A questo proposito assumono immediata rilevanza alcuni degli indimenticabili saggi che Merton scrisse nella metà degli anni Sessanta riguardo al linguaggio della guerra, che rappresentava ai suoi occhi un esempio emblematico di linguaggio magico. Della guerra si parla in modo tale da occultare la realtà del conflitto o della sofferenza. Si parla di essa in modi il cui unico fine è creare una coscienza analoga alla propria, un’ulteriore volontà che si proietta nel vuoto. Ritengo tuttavia che Merton, in tal modo, stia lanciando indirettamente qualche frecciata ad alcuni generi di autoconsapevolezza poetica nel senso negativo del termine: uno stile poetico che diventa autoreferenziale, inclusivo solo del sé. Quel genere di poetare a ruota libera può essere bollato come una parodia del linguaggio ineffabile dello Stato, l’«Orco», come lo avrebbe chiamato Wystan Hugh Auden; ma di per sé non è l’essenza della poesia.

La poesia non è, ed è contro, la magia, e dunque, più in generale, la poesia non è, ed è contro, l’essere utile, specie di quell’utilità a cui pensiamo in termini moralistici. Scrive Merton: «Non siamo come chi desidera che l’albero prima fruttifichi e poi fiorisca. Un gioco di prestigio e una pubblicità. Ci basta che prima venga il fiore, seguito dal frutto a tempo debito».

Un’utile poesia morale è un’aggiunta a qualcosa d’altro. In quanto poesia, potrebbe esserci come pure non esserci. La poesia non è e non può essere decorativa in tal modo, e in questo senso non è mai mera retorica. Non si limita mai semplicemente a persuadere chicchessia a fare o a pensare qualcosa: per quanto significativo sia il suo scopo, per quanto buone le sue finalità, una poesia che sia tesa a determinati fini, che sia funzionale, una pubblicità, tradisce se stessa. E quella frase, «un gioco di prestigio e una pubblicità» è decisamente eloquente. Una poesia che sia una pubblicità è una poesia il cui punto non risiede in essa. Ciò significa che l’autentica poesia è lavoro: fare qualcosa che ha un’integrità propria.

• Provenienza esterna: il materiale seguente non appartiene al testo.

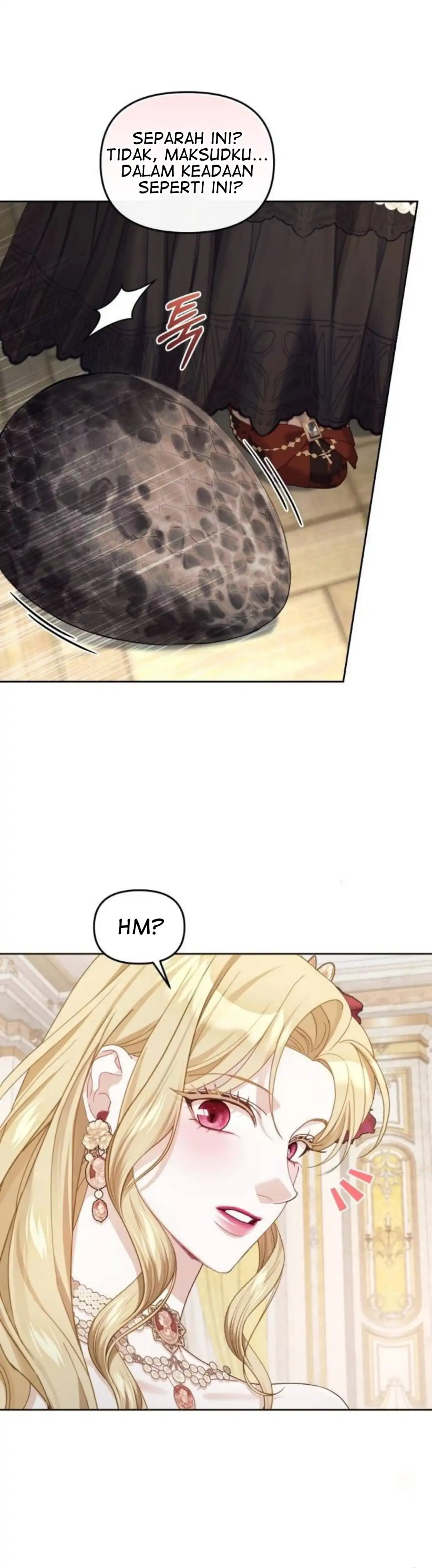 The Acting Empress Still Spends the First Night Chapter 28 page 68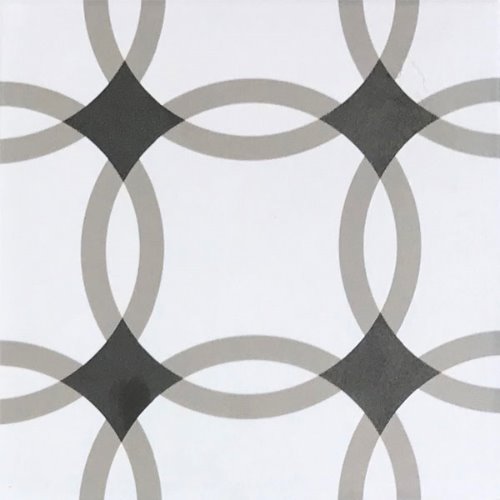 [REP-17 200*200]예쁜 레그노 무늬 패턴 문양 벽 바닥타일/ 25매 1박스 (약 1m2)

Questo mi porta alla terza cosa che la poesia non è, e contro cui essa si pone. La poesia è contro qualsiasi concentrazione sull’artista più che sull’opera. Concentrarsi sull’artista piuttosto che sull’opera è come focalizzare per l’appunto la nostra attenzione sulla volontà di manipolazione e di controllo che è nemica di ogni parola autenticamente veritiera. E ancora una volta, non a caso, il mio sguardo si volge verso Auden. Egli, già da studente universitario, era un critico decisamente austero della poesia dei propri contemporanei, e si narra un bell’aneddoto di uno dei suoi primi incontri con Stephen Spender, che un giorno irruppe nella sua stanza per dirgli che da grande avrebbe voluto essere un poeta. Auden rispose: «Vuoi dire che non intendi scrivere poesia?».

Infine, allora, la quarta cosa che la poesia non è, e contro cui si pone, è qualsiasi senso dell’io e della sua consapevolezza che lasci trapelare l’idea che abbiamo un numero indefinito di scelte. La poesia è contro il romanticismo di una volontà che turbina nel vuoto.

Ecco dunque i quattro nemici della poesia: e una modalità dello scrivere che eviti siffatte tentazioni e distorsioni e le resista sarà una scrittura religiosa.